This is a great age to start figuring out who your child is. We're strong supporters of parents who make the effort to identify their children's passions (or at least strong likes); if we had our way, every child would have a lifelong interest in some branch of the arts or some kind of athletic endeavor. But we're willing to bet that most people tend to channel their kids into the same spectrum of grade-school activities: piano, swimming, ice-skating, ballet, some martial-arts variant and chess. And that may be fine and sufficient, but just in case you want to expose your child to a few more (or different) interests, here are a some completely age-appropriate places to look:
Museum art classes
Many parents don't even think of looking at art institutions for classes in drawing, painting and mixed media, but those that are offered are usually well conceived and executed. (Photo: Hands-on museum exploration with Judith Shupe of Art Smart Adventures. © ArtSmart Adventures)
Theater and dance company classes
Why not have your child taught by people who pursue their art for a living? Many top companies offer starter classes for this age group that stress fundamentals in a way a storefront class may not. Even if your child is unlikely to be a professional thespian or hoofer, there are benefits to getting kids to focus on voice and movement.

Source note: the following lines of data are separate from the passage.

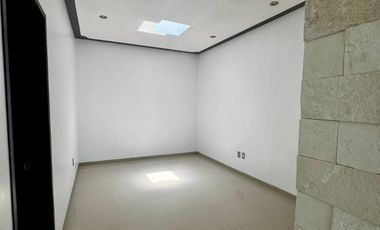 RENTO CASA  NUEVA EN FRACC. COL. CENTRO, CUERNAVACA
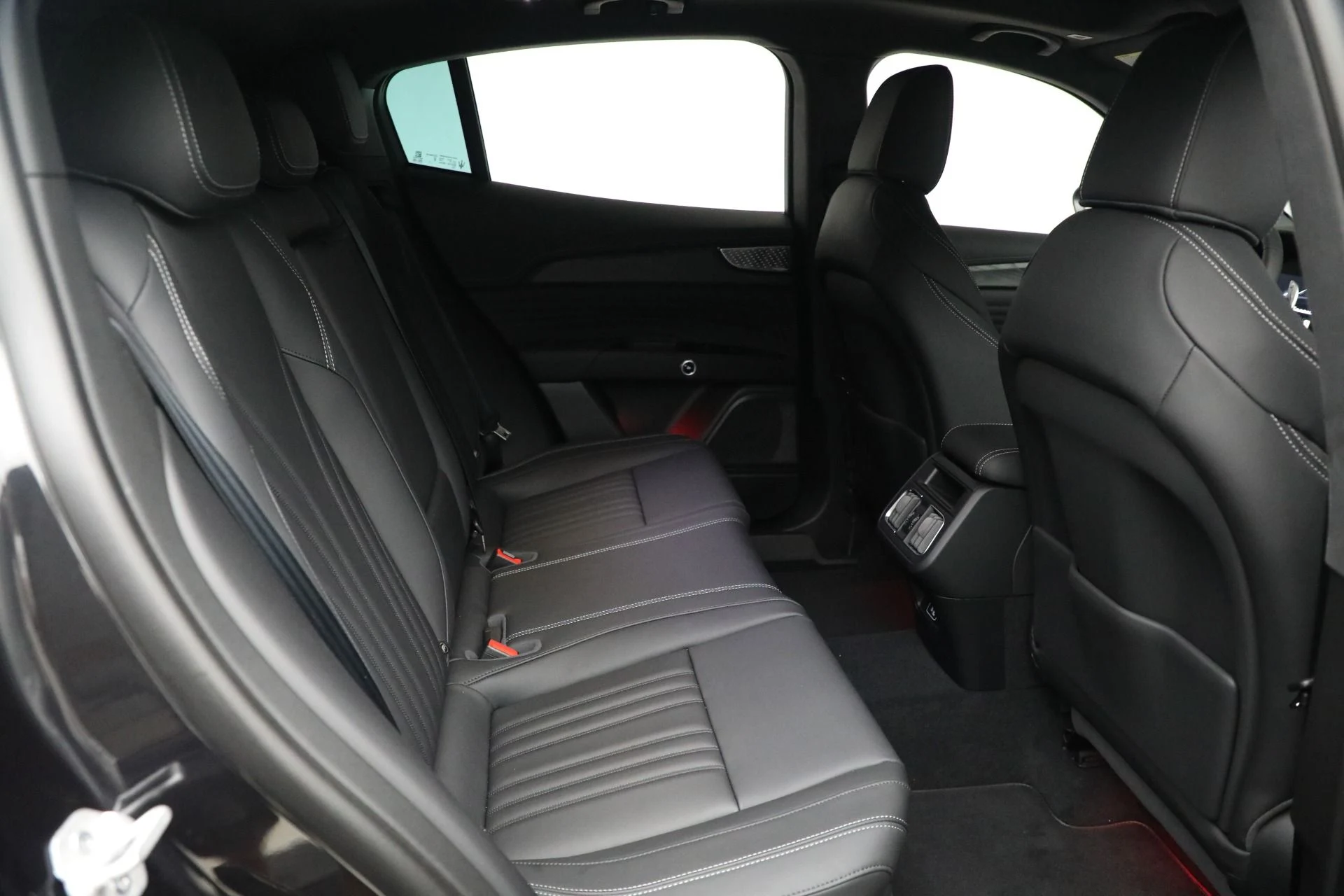 mph018_2204097655_New_2025_Maserati_Grecale_f2e3bcfece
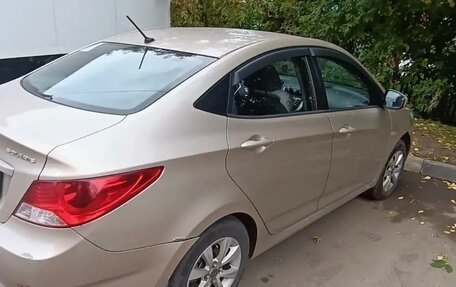 Hyundai Solaris II рестайлинг, 2013 год, 750 000 рублей, 7 фотография
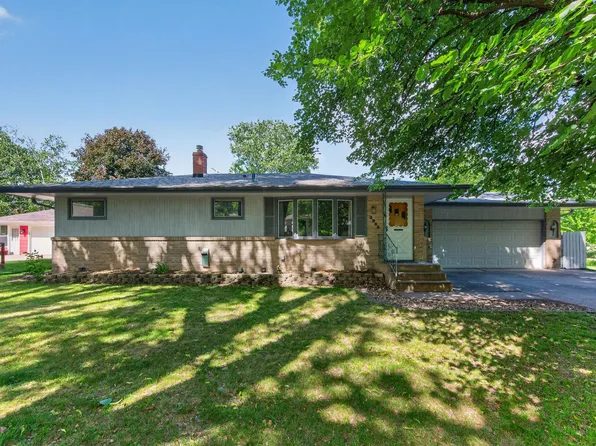 2985 Marion St, Roseville, MN 55113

The Adventure Theater in D.C. offers classes for kids as young as six, emphasizing the use of their voices and bodies on stage and benefiting both the shy and overly boisterous.
Choruses and choirs
If your child likes singing, there's no better experience for him than being part of a choir. Boston Children's Chorus, for instance, can be joined in second grade, and its multiracial, multicultural bent makes it a really broadening experience for everyone involved.